WINNIPEG - A second elected farmer representative has resigned from the Canadian Wheat Board over the fight to preserve its monopoly.

"The current board hasn't been listening to producers," Jeff Nielsen, who farms near Olds, Alta., said Monday.

"They want to see things move on. They're running businesses. Their farms are needing of new opportunities and new chances to make their businesses profitable."

Last week, Henry Vos, one of three farmer-elected directors currently from Alberta, resigned his seat over board chairman Allen Oberg's refusal to bow before the wishes of Agriculture Minister Gerry Ritz and the federal Conservative government.

It leaves Oberg, who is from Forestburg, Alta., plus seven other directors from Saskatchewan and Manitoba, as the last farmer-elected representatives. There are also four appointed directors and the president.

The board has already voted to proceed with a legal challenge of proposed federal legislation tabled as Bill C-18, which the board claims is illegally stripping it of its powers.

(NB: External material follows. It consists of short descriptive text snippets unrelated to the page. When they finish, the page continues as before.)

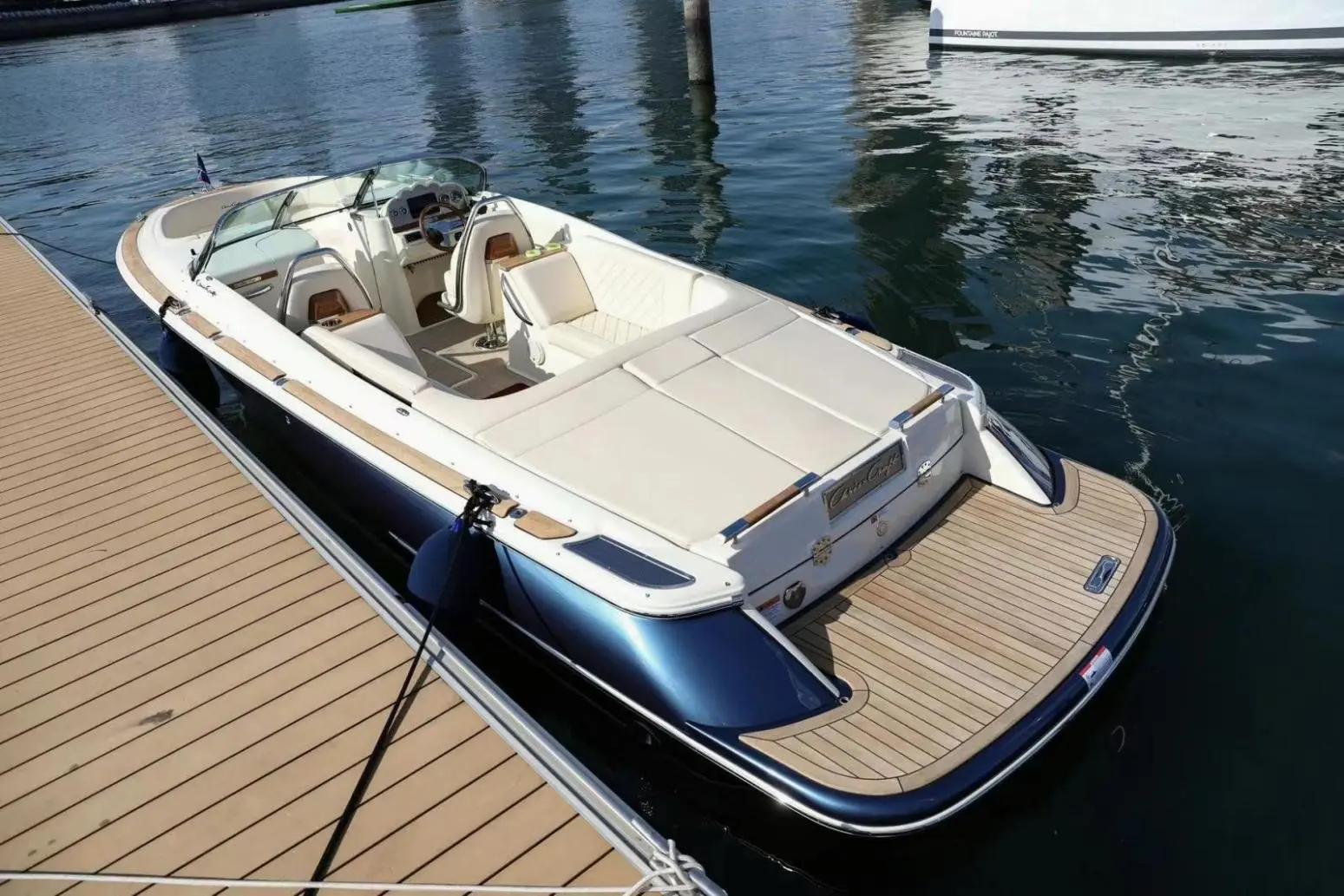 Chris-Craft Launch27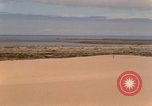 Standbild Strand Newport Oregon United States USA, 1963, aus Sekunde 32 historischem Filmmaterial Videoclip 65675031517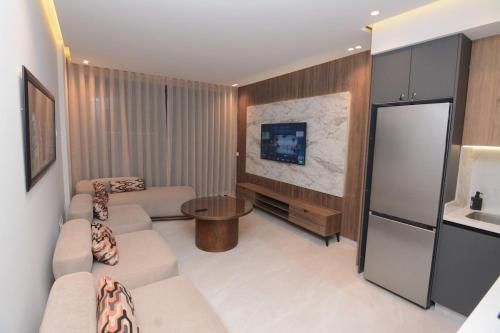 - un salon avec un canapé et un réfrigérateur dans l'établissement Andalusian Dream I 2 Bedrooms apartment near by the Beach and TGV station, à Tanger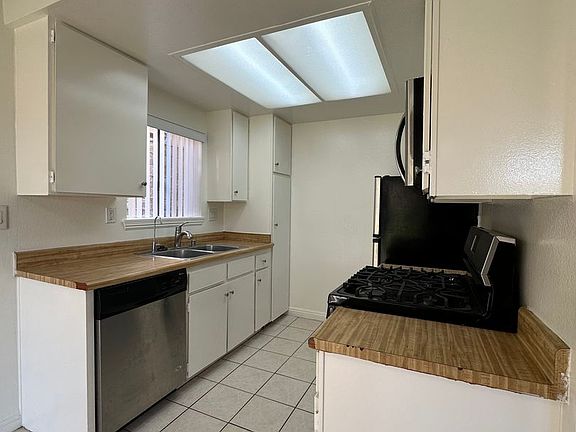 2nd image of 12582 Adelle St APT 1
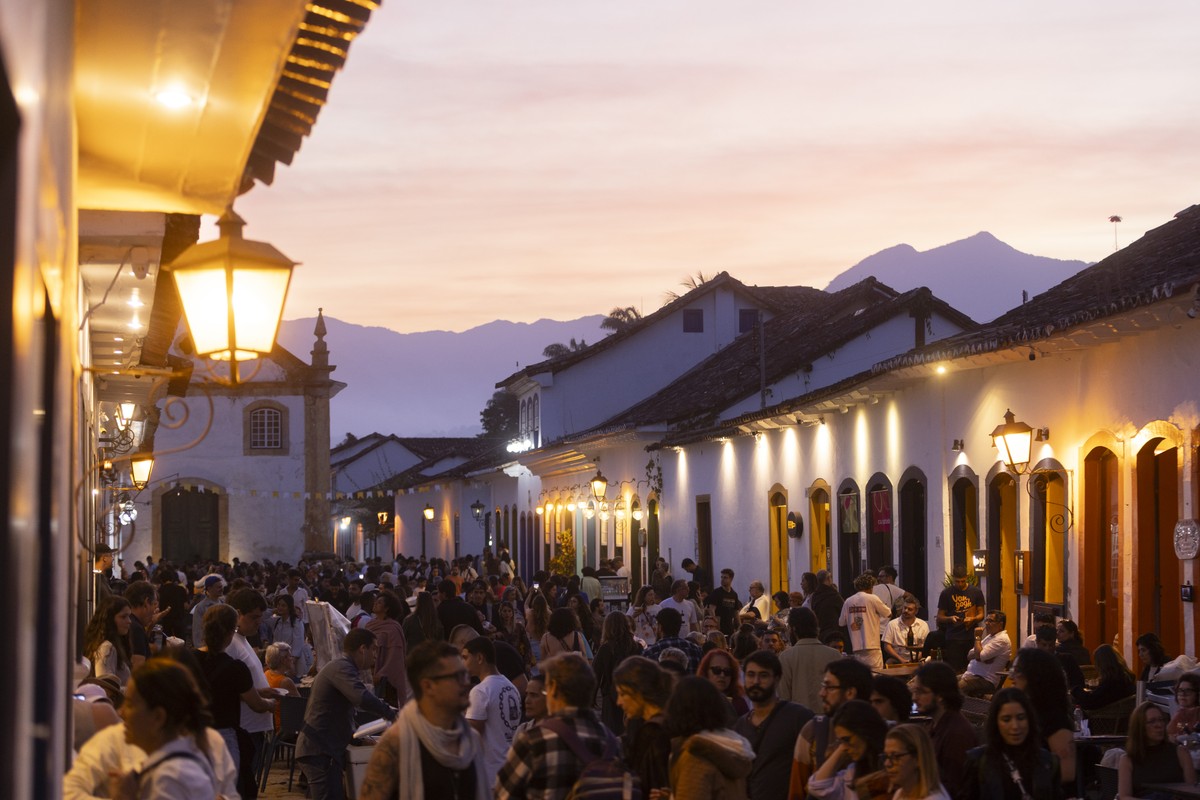 Festa Literária Internacional de Paraty transforma escritores em estrelas e debate temas urgentes da sociedade
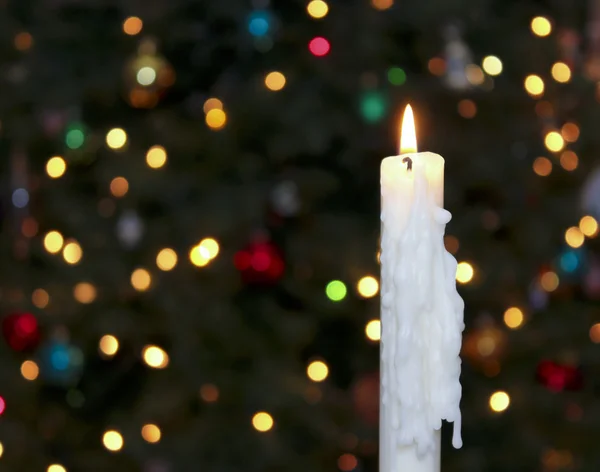 Biała świeca Boże Narodzenie z niewyraźne lights — Zdjęcie stockowe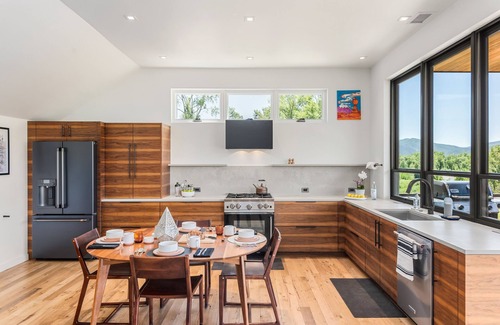 El Jebel House | Modern Guesthouse Roaring Fork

Ritz wants the new system in place by next summer when the new crop year begins.

Oberg has said it would take more time for the government legally to do what it wants.

Under the current Canadian Wheat Board Act, a plebiscite is required before the minister can remove grain from the marketer's control. The government has refused to hold one and has ignored the results of a vote held by the wheat board this past summer, when farmers supported retaining the monopoly over western Canadian wheat and barley.

While Alberta has long supported eliminating the monopoly, Nielsen said he's also getting more calls from Saskatchewan and Manitoba lately.

"Farmers are frustrated."

He also said the board was told the chances of blocking the government were slim to none.

"At the end of the day this will get through," he said.

"Why would we want to continually try to challenge that, as anything that we spend legal-wise has to come out of farmers pockets?"

The Winnipeg-based marketing agency has controlled the sale of western wheat and barley for more than 60 years. It also once controlled the sale of oats, but lost that grain under a previous Conservative government.

After that, the addition of farmer-elected directors and the requirement for a plebiscite were supposed to ensure that producer wishes were respected whenever decisions were made about the wheat board.

The government says the fact that Conservatives won most of the agricultural ridings in Western Canada in the last federal election is enough indication of farmers' wishes.

There are three current or pending court cases over the federal move -- the one filed by the wheat board, another filed earlier by a group called Friends of the Canadian Wheat Board and a third promised by the Western Canadian Wheat Growers, aimed at stopping the board's legal challenge.